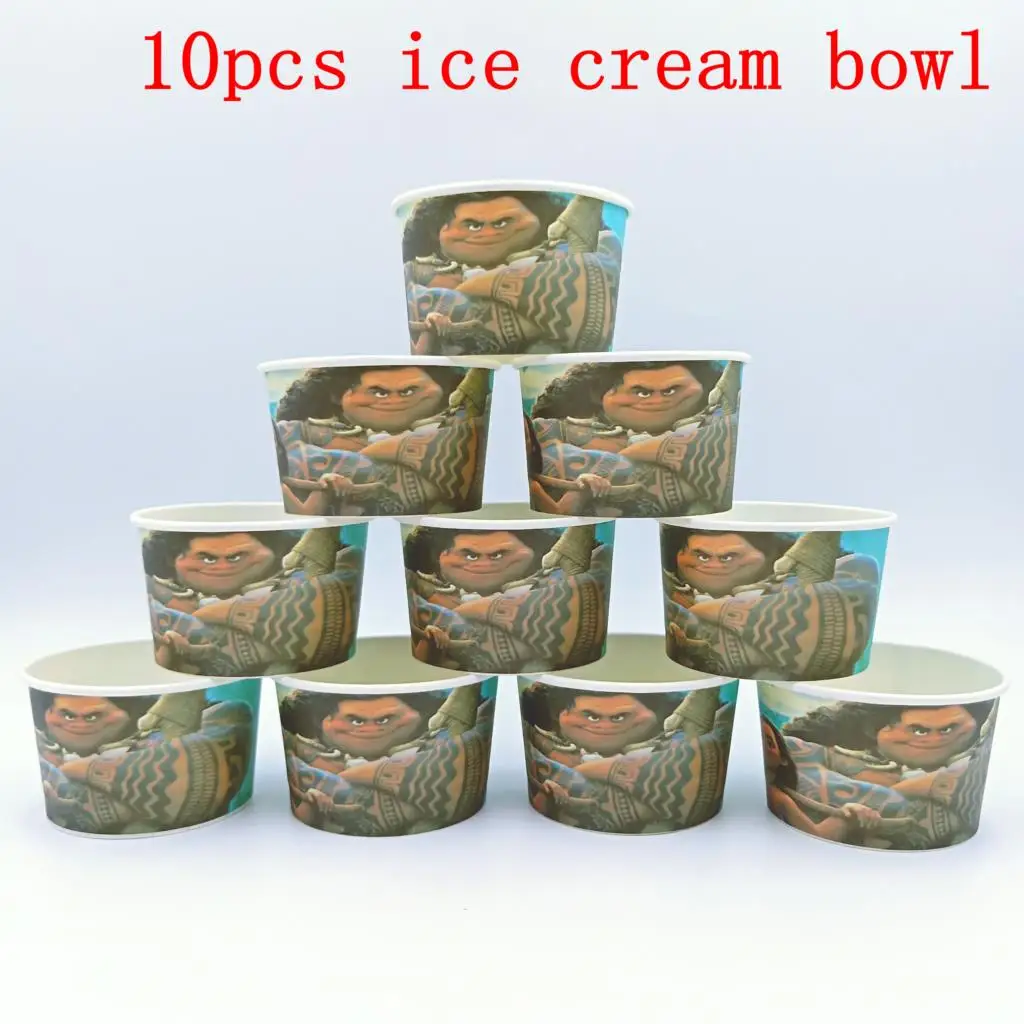 

10PCS/lot MOANA ICE CREAM CUPS KIDS BIRTHDAY PARTY SUPPLIES MOANA BIRTHDAY PARTY ICE CREAM BOWLS WHOLESALE ICE CUPS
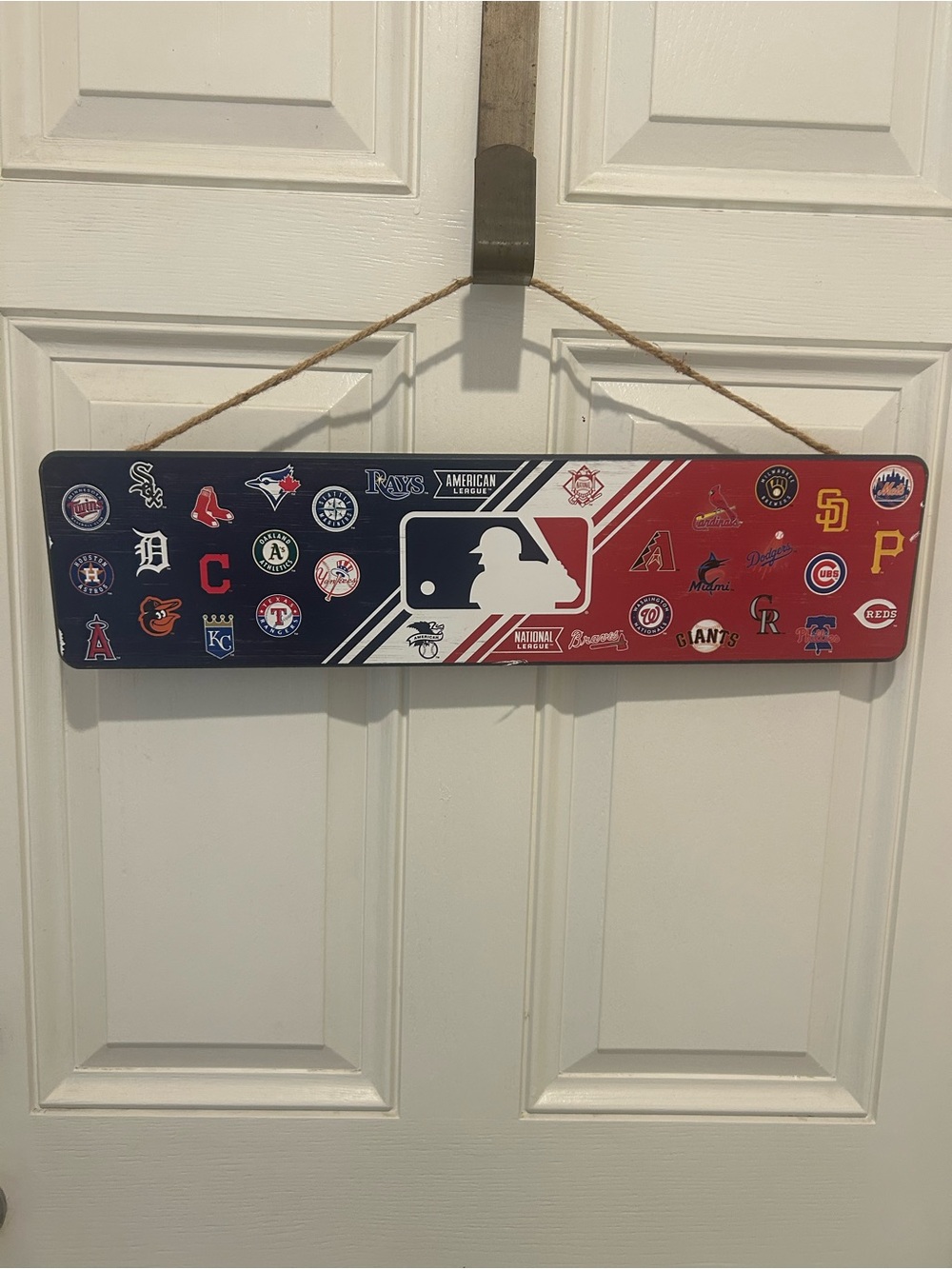 Hobby Lobby MLB Logo Team Stripe Sign - Red & Blue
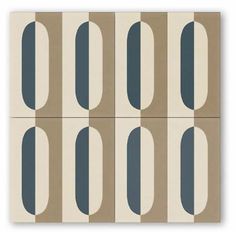 four square tiles with blue and beige circles on them, all arranged in different directions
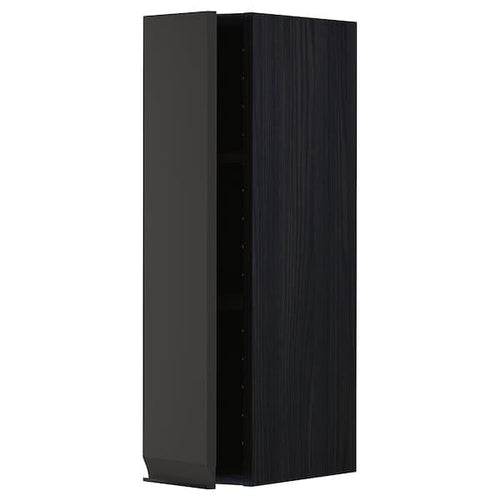 METOD - Wall cabinet with shelves, black/Upplöv matt anthracite , 20x80 cm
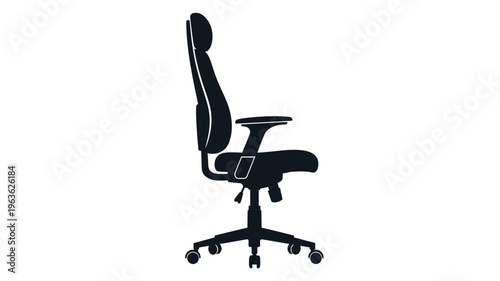 Black office chair design with ergonomic shape a striking silhouette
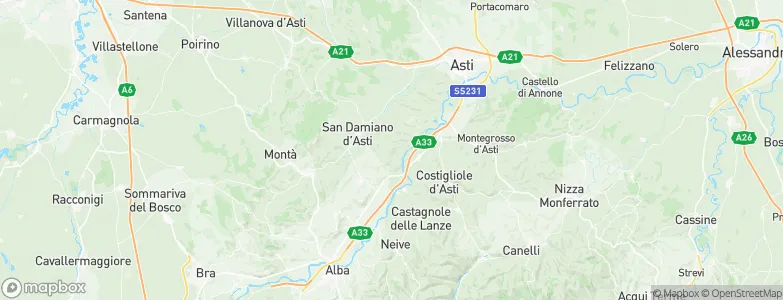 San Martino Alfieri, Italy Map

====

*TASK BRIEF*
Would you restate word for word each line from the one that holds "Black office chair" to the end of the material, both ends included, without the pictures?

*ANSWER*
 Black office chair design with ergonomic shape a striking silhouette
 San Martino Alfieri, Italy Map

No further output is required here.